Task statement -
Task for the records below: copy exactly, and only, the line containing "We are going to add 5" and every line after it to the end, with pictures left out.

(Stored data entries)
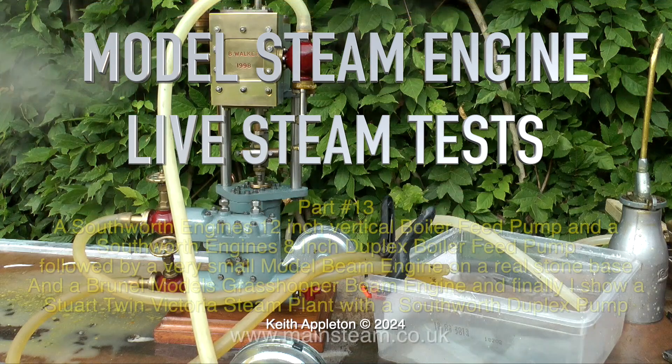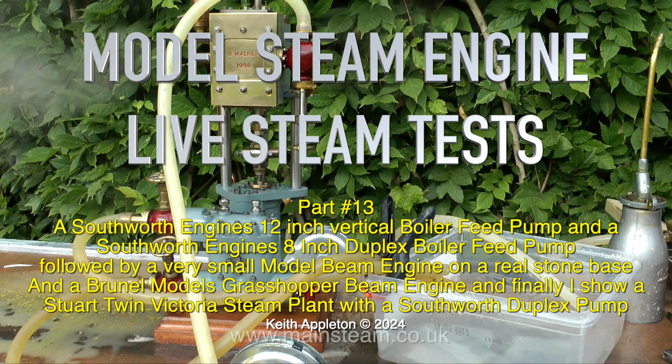Model Steam Engine Live Steam Tests Part 13. A Southworth Engines 12-inch vertical boiler feed pump and a Southworth Engines 8-inch duplex boiler feed pump, followed by a very small model beam engine on a real stone base, a Brunel Models grasshopper beam engine, and finally a Stuart Twin Victoria steam plant with a Southworth duplex pump.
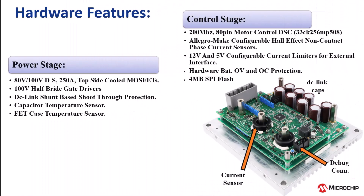The power stage includes 80 volt, 250 ampere MOSFETs, half bridge gate drivers rated up to 100 volts with integrated shoot-through protection, DC link capacitors, and MOSFET temperature sensors.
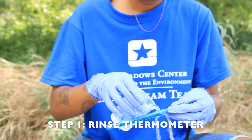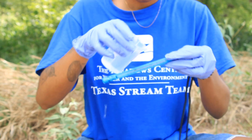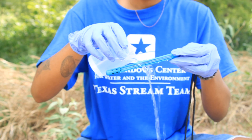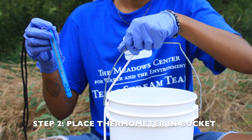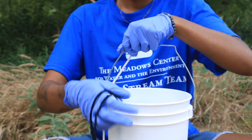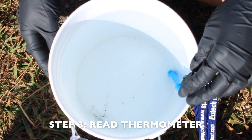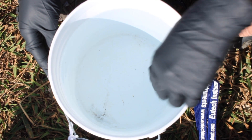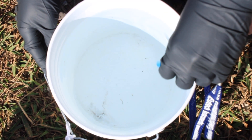For step one, rinse the thermometer twice with the sample water to avoid contaminating the sample bucket. If you are using a beaker to assist with rinsing, be sure to also rinse the beaker. For step two, place the thermometer in the sample bucket for one to one and a half minutes. For step three, read the thermometer while in water to the nearest 0.5 degrees Celsius.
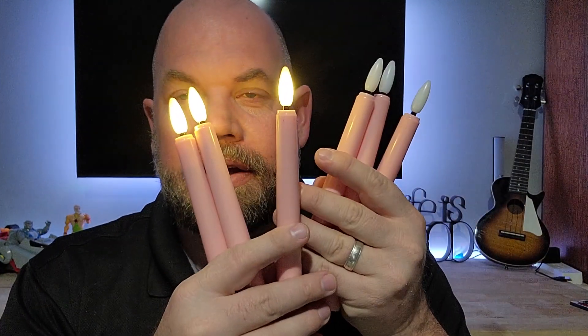Today we're looking at these LED flameless candles — these are the pink ones. These flameless candles were sent to me for review, so here's my experience with them.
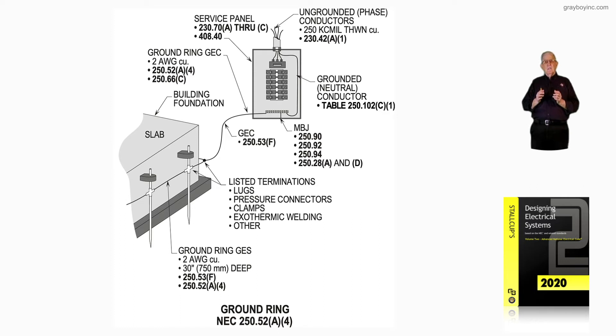The ground ring in the grounding electrode system is number 2 in this case, 30 inches deep, and it complies with installation requirements of 250.53F, while the ring itself complies with 250.52A4.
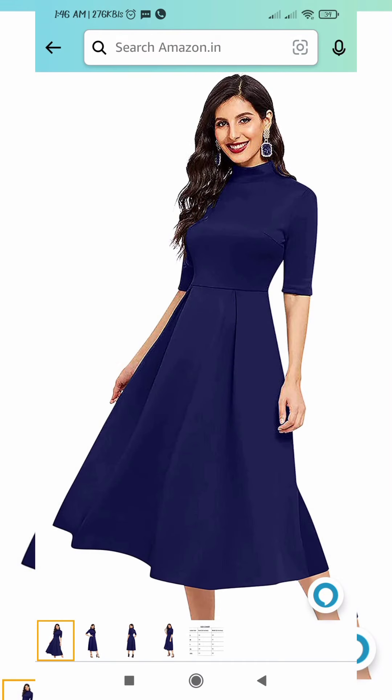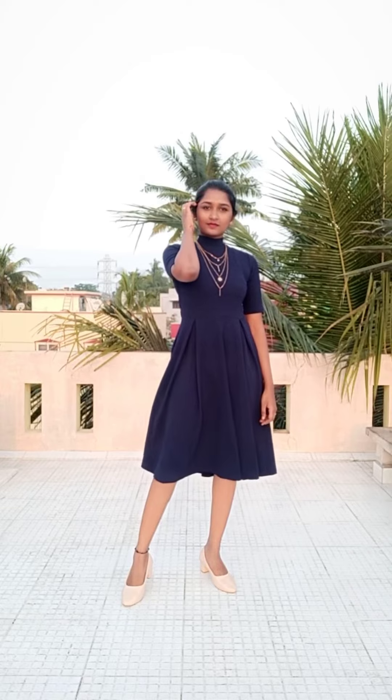An oversized jacket is very loose and comfy. So if you look at this look, you can try it. Next outfit is a short maxi. We have to add a layer chain, and there are also pump heel shoes. And this look is very classy.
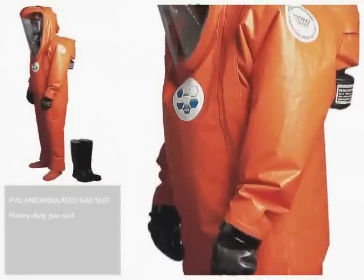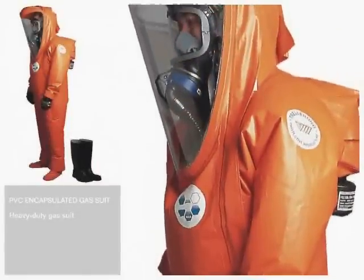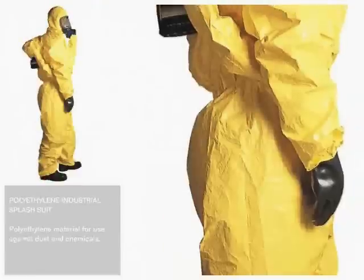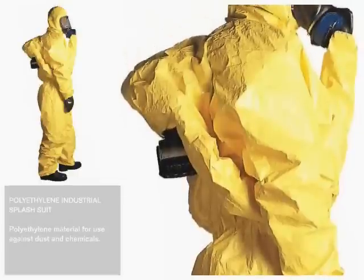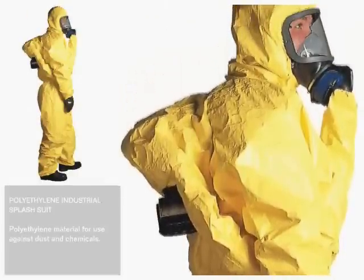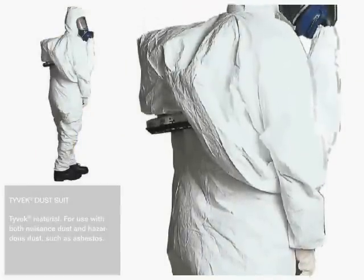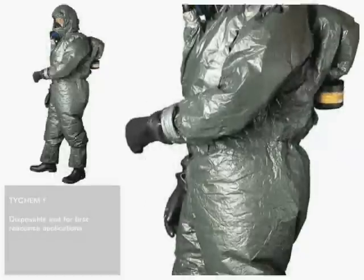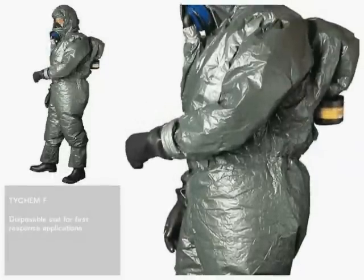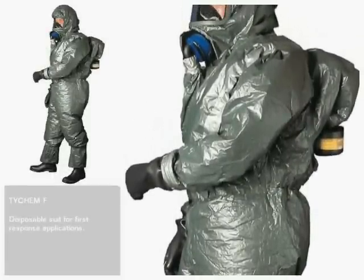The rugged PVC suit is an encapsulated model that can be used over and over again. The polyethylene splash suit is designed to withstand dry dust and wet chemical splashes. The disposable dust suit is used for dry particles such as asbestos fibers and hazardous dust. The Tychem F suit is a military grade suit impermeable to chemical, biological and radiological warfare agents.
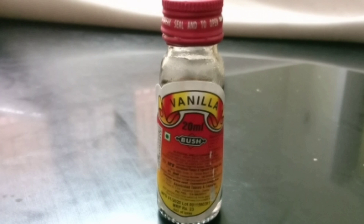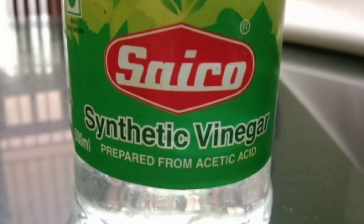We are going to add 5 cups of vanilla essence. We are going to add 1 spoon of vinegar.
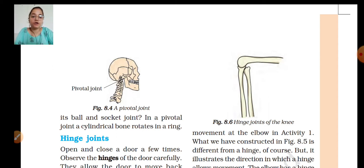In a pivotal joint, a cylindrical bone rotates in a ring. So to recap: in a ball and socket joint, one bone fits into the socket of another and rotates in all directions, whereas in a pivotal joint a cylindrical bone rotates within a ring.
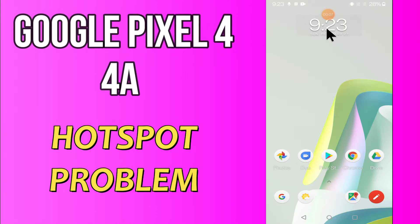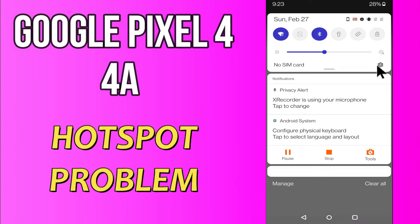Hi everyone, today in my next video I'll show you how you can fix the hotspot problem in your device, Google Pixel 4a. If you're having any issue like your hotspot is not working or is not connecting, don't worry, I'll show you how you can fix it. Before I start, if you are new to my channel, don't forget to subscribe and press the bell icon. Watch the complete video and learn how you can fix it. Let's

Solution for this task -
We are going to add 5 cups of vanilla essence. We are going to add 1 spoon of vinegar.
In a pivotal joint, a cylindrical bone rotates in a ring. So to recap: in a ball and socket joint, one bone fits into the socket of another and rotates in all directions, whereas in a pivotal joint a cylindrical bone rotates within a ring.
Hi everyone, today in my next video I'll show you how you can fix the hotspot problem in your device, Google Pixel 4a. If you're having any issue like your hotspot is not working or is not connecting, don't worry, I'll show you how you can fix it. Before I start, if you are new to my channel, don't forget to subscribe and press the bell icon. Watch the complete video and learn how you can fix it. Let's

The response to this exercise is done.